Meine Geschichte passierte in der zweiten Hälfte der 90er Jahre in einer kleinen Privatschule einer südlichen Stadt Russlands. Das war eine stürmische Zeit, in der sich der Kapitalismus in Russland rasant entwickelte. Es war schwierig für das Land, das vorher in einem bescheidenden sozialistischen Alltag lebte, sich an ein Leben mit neuen Verhältnissen anzupassen, wo es plötzlich viele sehr reiche Menschen gab. In der Tat sind Geschäftsleute mit riesigen Vermögen überraschend wie Pilze aus dem Boden geschossen.
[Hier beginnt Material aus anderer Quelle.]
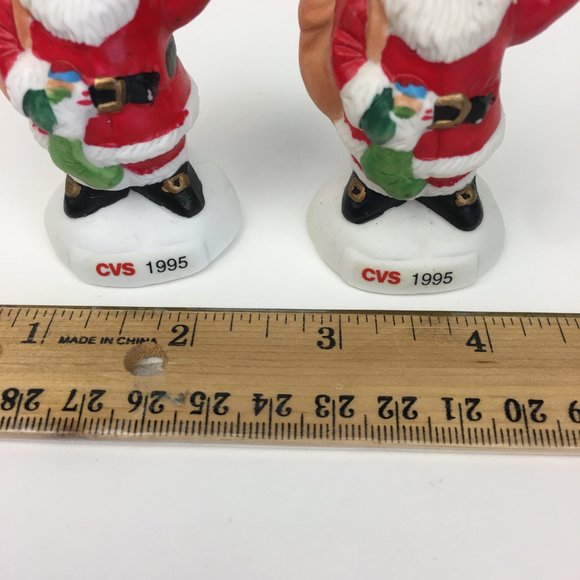 2 Vtg 1995 CVS Santa w Bear Christmas Holiday Ornaments Ceramic Collectible - Picture 8 of 10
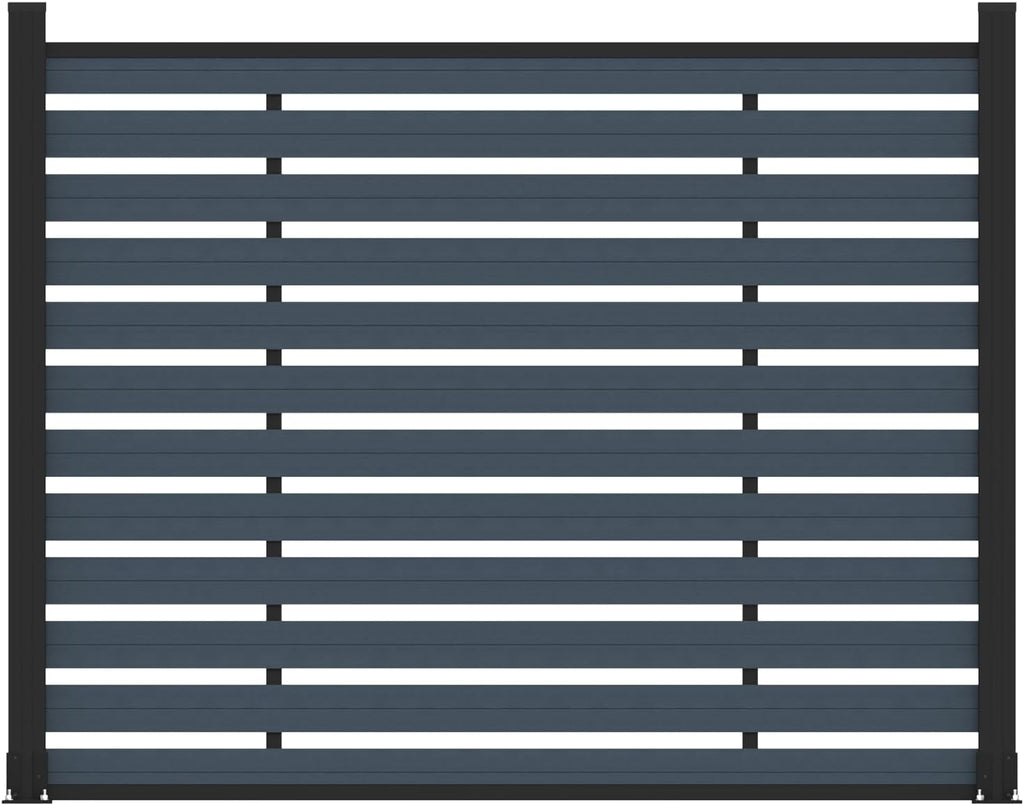 (围栏全间隔 ) 72" W x 59" H Outdoor Privacy Screens, Horizontal Lattice Air Conditioner Fence Panels, Wood Plastic Composite No Dig Decorative Fences for Pool Equipment Trash Can(Brown,1 Post)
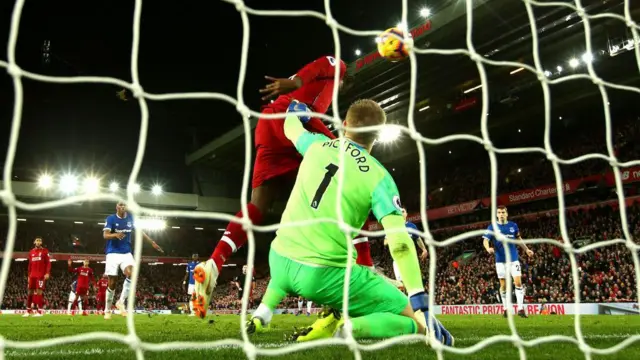 Divock Origi scoring Liverpool's winner against Everton in 2018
Während der Kapitalismus in Russland wiederkehrte, lernte die Gesellschaft langsam anders zu leben. Dabei behandelte man die neuen Reichen mit großem Respekt, obwohl jeder verstand, dass man damals ein Vermögen nur dank krimineller Verbindungen schaffen konnte. Die neuen reichen Geschäftsleute bemühten sich, besonders gute Bedingungen für ihre Kinder zu garantieren:  Sicherheit, Komfort und gute Bildung. Deswegen wurde eine Menge an Privatschulen in Russland in den 90-er Jahren gegründet. Die Geschichte, die ich gerade erzählen möchte, passierte in einer solchen Schule. An diese Geschichte würde man sich vielleicht gar nicht erinnern. Aber nachdem ich in der Schule zwei Jahrzehnte arbeitete, denke ich, dass das Schulleben der Kinder das Leben der Erwachsenen widerspiegelt. Jedoch ist das Schulleben, dank Emotionen, Gefühlen und Sorgen der Kinder, interessanter und man kann oft dabei eine Lehre ziehen. An dieser Stelle muss ich noch hinzufügen, dass ich damals der Leiter dieser Privatschule war und ins Zentrum des Geschehens geriet.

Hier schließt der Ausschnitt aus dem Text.